** Material provided follows **

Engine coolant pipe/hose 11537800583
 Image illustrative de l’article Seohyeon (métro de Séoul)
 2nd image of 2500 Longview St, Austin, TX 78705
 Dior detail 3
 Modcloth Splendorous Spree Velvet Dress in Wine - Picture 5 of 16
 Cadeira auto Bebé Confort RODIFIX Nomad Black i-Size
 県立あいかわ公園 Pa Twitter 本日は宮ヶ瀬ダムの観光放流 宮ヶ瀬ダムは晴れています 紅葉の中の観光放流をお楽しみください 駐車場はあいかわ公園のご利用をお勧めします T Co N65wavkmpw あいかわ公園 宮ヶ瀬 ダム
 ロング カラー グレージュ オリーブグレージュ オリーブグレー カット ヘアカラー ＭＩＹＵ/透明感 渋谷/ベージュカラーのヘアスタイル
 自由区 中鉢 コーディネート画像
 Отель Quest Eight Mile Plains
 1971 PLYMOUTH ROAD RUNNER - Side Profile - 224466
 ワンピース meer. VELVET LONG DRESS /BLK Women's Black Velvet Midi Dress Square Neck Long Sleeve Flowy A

** End of Material provided **

• _How to complete this task_
Please set down each entry again, word for word.

• _Output_
Engine coolant pipe/hose 11537800583
 Image illustrative de l’article Seohyeon (métro de Séoul)
 2nd image of 2500 Longview St, Austin, TX 78705
 Dior detail 3
 Modcloth Splendorous Spree Velvet Dress in Wine - Picture 5 of 16
 Cadeira auto Bebé Confort RODIFIX Nomad Black i-Size
 県立あいかわ公園 Pa Twitter 本日は宮ヶ瀬ダムの観光放流 宮ヶ瀬ダムは晴れています 紅葉の中の観光放流をお楽しみください 駐車場はあいかわ公園のご利用をお勧めします T Co N65wavkmpw あいかわ公園 宮ヶ瀬 ダム
 ロング カラー グレージュ オリーブグレージュ オリーブグレー カット ヘアカラー ＭＩＹＵ/透明感 渋谷/ベージュカラーのヘアスタイル
 自由区 中鉢 コーディネート画像
 Отель Quest Eight Mile Plains
 1971 PLYMOUTH ROAD RUNNER - Side Profile - 224466
 ワンピース meer. VELVET LONG DRESS /BLK Women's Black Velvet Midi Dress Square Neck Long Sleeve Flowy A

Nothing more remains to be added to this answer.